1社しか経験がなく、その会社の社風のみの経験しかない場合は、そこで得た判断軸が正しいとして仕事を進めていきます。
特に成果が出ている成功体験があったとすれば、次の環境でもその成功体験を活かそうとすると思います。
ベンチャー企業の立ち上げ時期を経験している人であれば、全く新たな社風を作り上げ、それを定着させる側に立つことも多かったはずです。
より自分として信念があり、自分の成功体験に自信を持っている傾向が強いかもしれません。

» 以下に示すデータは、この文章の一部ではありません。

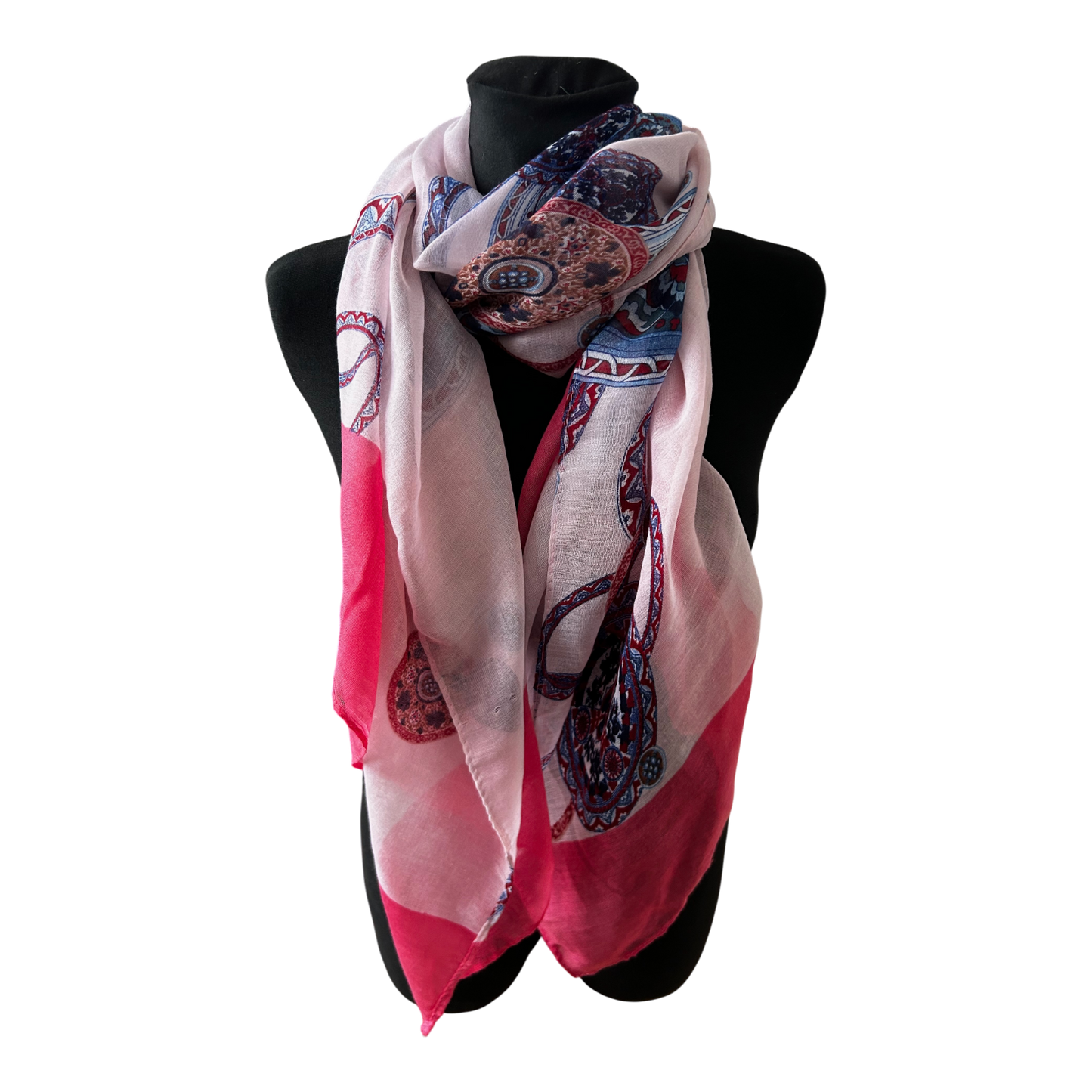 Damen Schal Muster Pink Rosa Blau Ornamente Elegant Gross Sommer Leicht Chic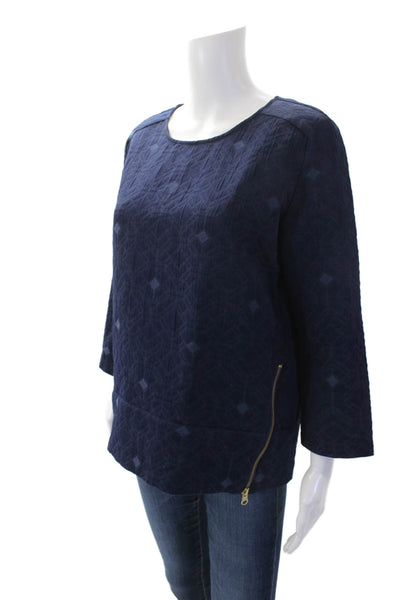J Crew Womens 3/4 Sleeve Crew Neck Zipper Trim Blouse Navy Cotton Size 6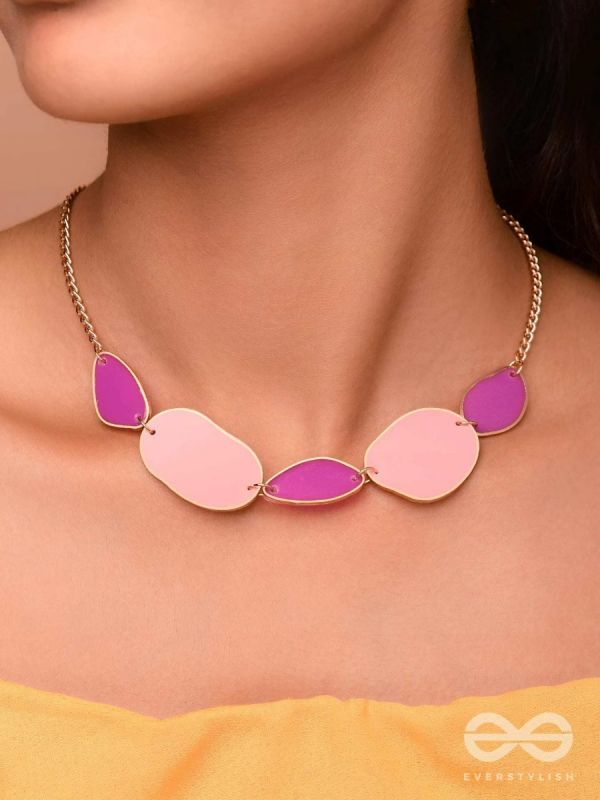 The Violet Hues- Cute Enamelled Neckpiece With Anti-Tarnish Coating 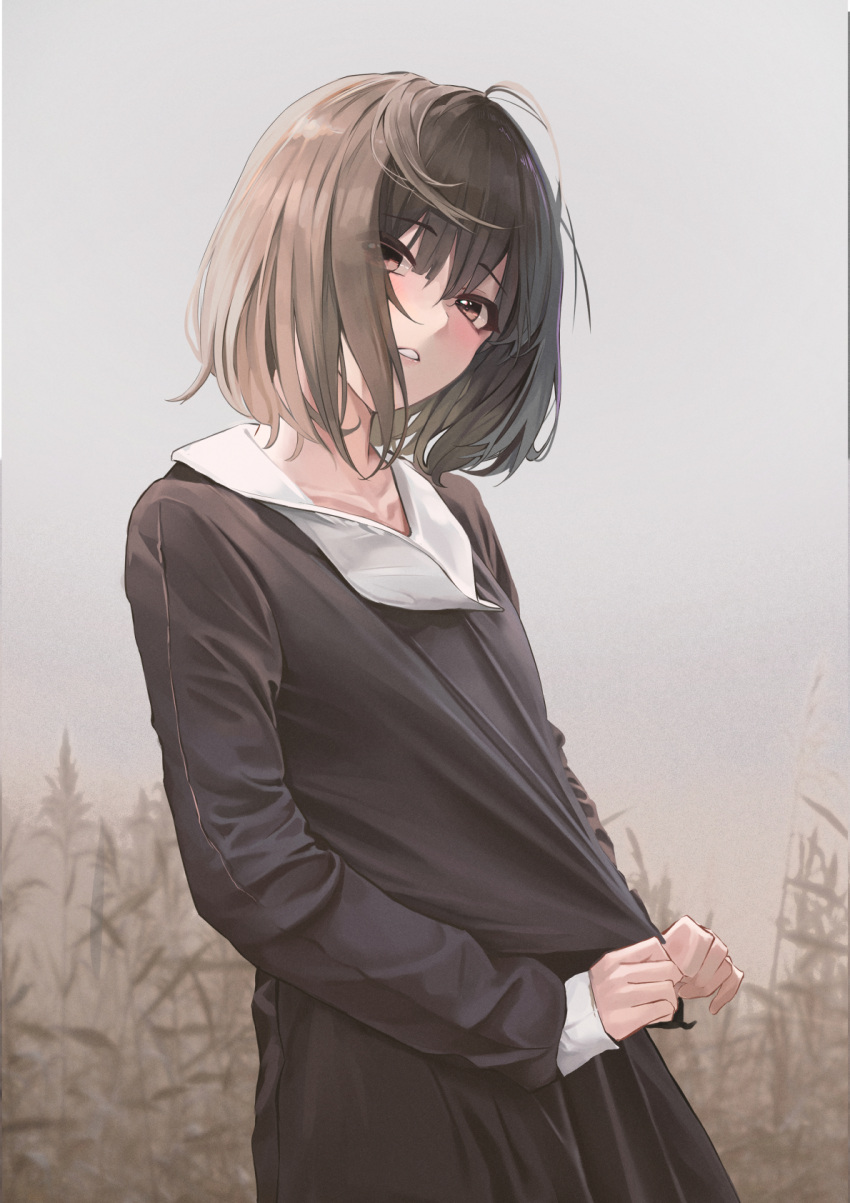 1girl bangs black_shirt black_skirt brown_eyes brown_hair collarbone grey_background hair_over_one_eye highres long_sleeves looking_at_viewer open_mouth original parted_lips pray_(furei) shirt short_hair skirt solo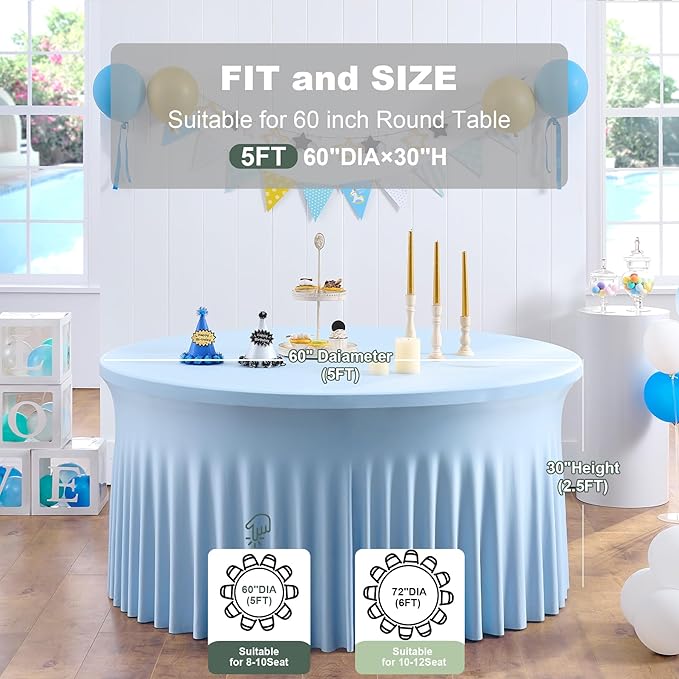 Outpain 6 Pack Spandex Baby Blue Round Tablecloths for 60in Tables, 120Inch Stretchy Fitted 5FT Round Table Clothes,Wrinkle Free Table Cover with Skirt for Wedding Party Dining Banquet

ただ、転職をすると、前職の成功体験がそのままの状態で全て役立つ訳ではありません。
転職先の会社のステージや社風に合った形で、少しカスタマイズをする必要があります。
時には、最短で進められることであっても、少し遠回りが必要なこともあります。
今までと全く違う会社の良いところはうまく受け入れつつ、悪いところは改善するという柔軟さはかなり求められることではあります。
転職の経験があり、そこでも上手く成果を出しているのであれば、柔軟さをお持ちであると期待できます。

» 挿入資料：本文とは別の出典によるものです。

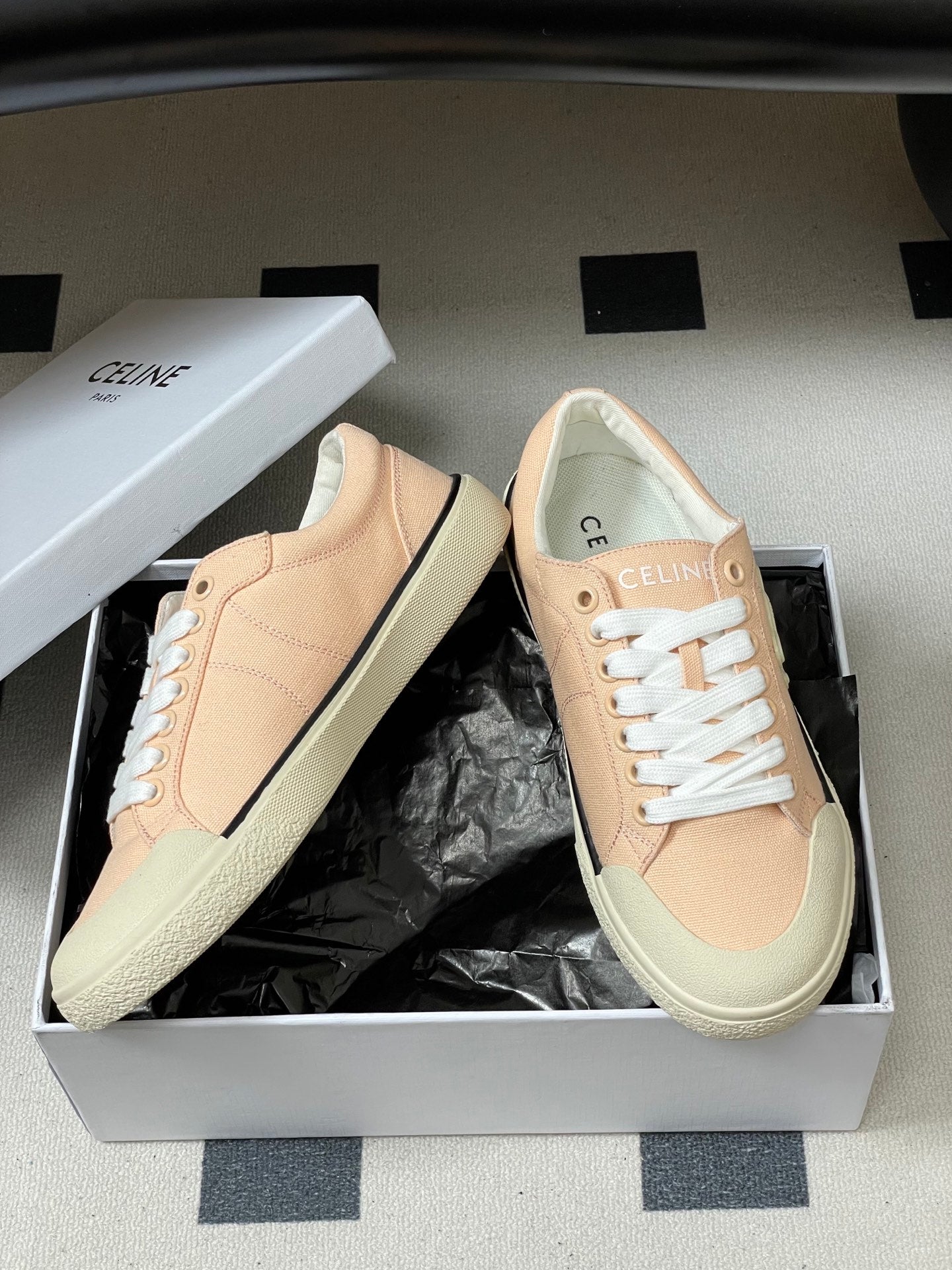 Celine Alan Sneakers Light Pink Ivory Canvas Rubber 701714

一方、転職経験が無く、1社の経験が長くなり、年齢を重ねる行っているのであれば、柔軟さを持っているかは不安要素になります。
当然不安を解消するために、通常よりも多く確認されることが多くなっていきます。
②行動力が無いのではないか?
転職を経験していることは、行動力をアピール出来る一つの手段ではあります。
もちろん、転職先でどのように立ち回り、成果につなげて行ったかがより重要なのは間違いありません。
ただ、一般的に、転職したという事実は、現状の環境を自ら変化させるために、新たな環境に挑戦する選択をしたという判断になります。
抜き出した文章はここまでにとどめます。